In the example above, for each key, the function is invoked at most once per loading of the containing class MapDemo (MapDemo, in turn, can be loaded at most once into any given ClassLoader) as it is backed by a Map with lazily computed values which upholds the invoke-at-most-once-per-key invariant.

It should be noted that the enumerated collection of keys given at creation time constitutes the only valid input keys for the memoized function.

Similarly to how a Function can be memoized using a backing lazily computed map, the same pattern can be used for an IntFunction that will record its cached value in a backing stable list:

// 1. Declare a stable list of default error pages to serve up
private static final List<StableValue<String>> ERROR_PAGES = 
        StableValue.ofList(SIZE);

// 2. Declare a memoized IntFunction backed by the stable list
private static final IntFunction<String> ERROR_FUNCTION =
        i -> StableValue.computeIfUnset(ERROR_PAGES, i, ListDemo::readFromFile);

// 3. Define a function that is to be called the first
//    time a particular message number is referenced
private static String readFromFile(int messageNumber) {
    try {
        return Files.readString(Path.of("message-" + messageNumber + ".html"));
    } catch (IOException e) {
        throw new UncheckedIOException(e);
    }
}

// 4. Access the memoized list element with as-declared-final performance
//    (evaluation made before the first access)
String msg =  ERROR_FUNCTION.apply(2);
       
// <!DOCTYPE html>
// <html lang="en">
//   <head><meta charset="utf-8"></head>
//   <body>Payment was denied: Insufficient funds.</body>
// </html>

The same paradigm can be used for creating a memoized Supplier (backed by a single StableValue instance) or a memoized Predicate(backed by a lazily computed Map<K, StableValue<Boolean>>). An astute reader will be able to write such constructs in a few lines.

Alternatives

There are other classes in the JDK that support lazy computation including Map, AtomicReference, ClassValue, and ThreadLocal all of which, unfortunately, support arbitrary mutation and thus, hinder the JVM from reasoning about constantness thereby preventing constant folding and other optimizations.

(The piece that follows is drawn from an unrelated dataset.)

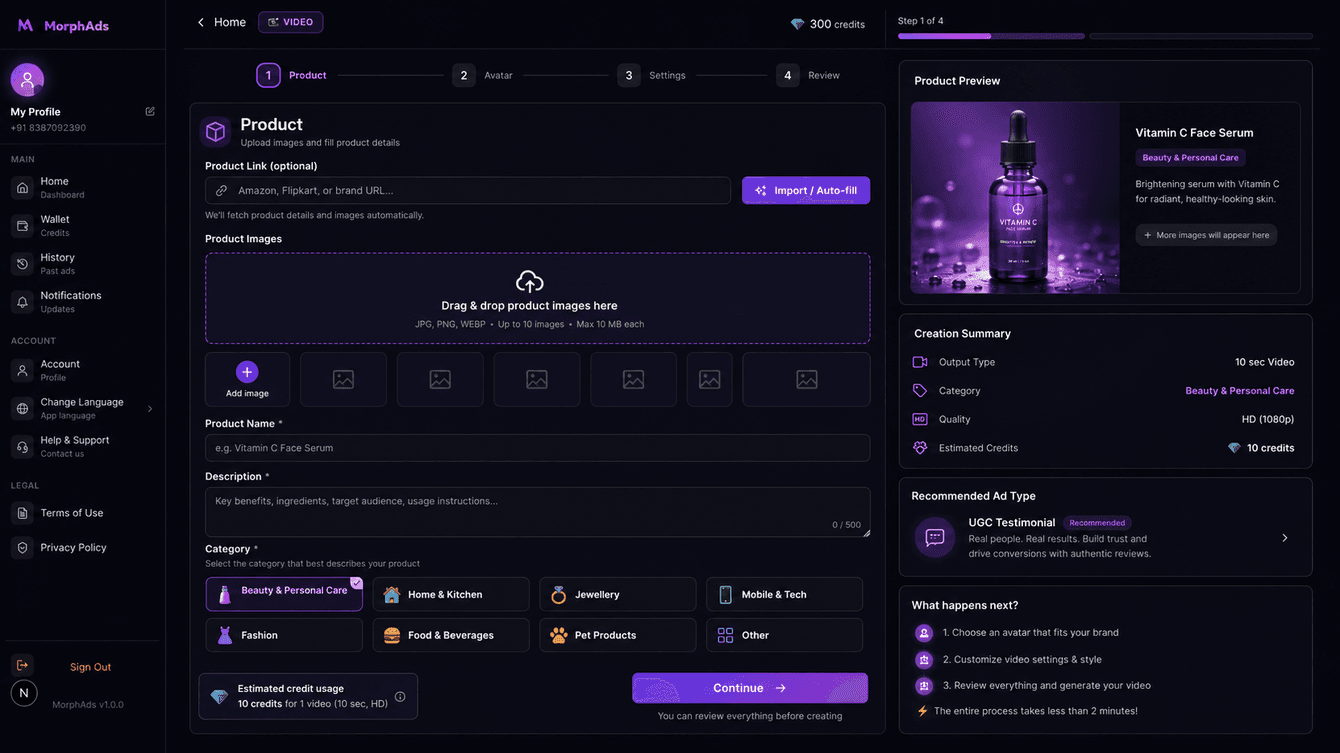 Upload Your Product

So, alternatives would be to keep using explicit double-checked locking, maps, holder classes, Atomic classes, and third-party frameworks. Another alternative would be to add language support for immutable value holders.

Risks and assumptions

Creating an API to provide thread-safe computed constant fields with an on-par performance with holder classes efficiently is a non-trivial task. It is, however, assumed that the current JIT implementations will likely suffice to reach the goals of this JEP.

Dependencies

The work described here will likely enable subsequent work to provide pre-evaluated computed constant fields at compile, condensation, and/or runtime.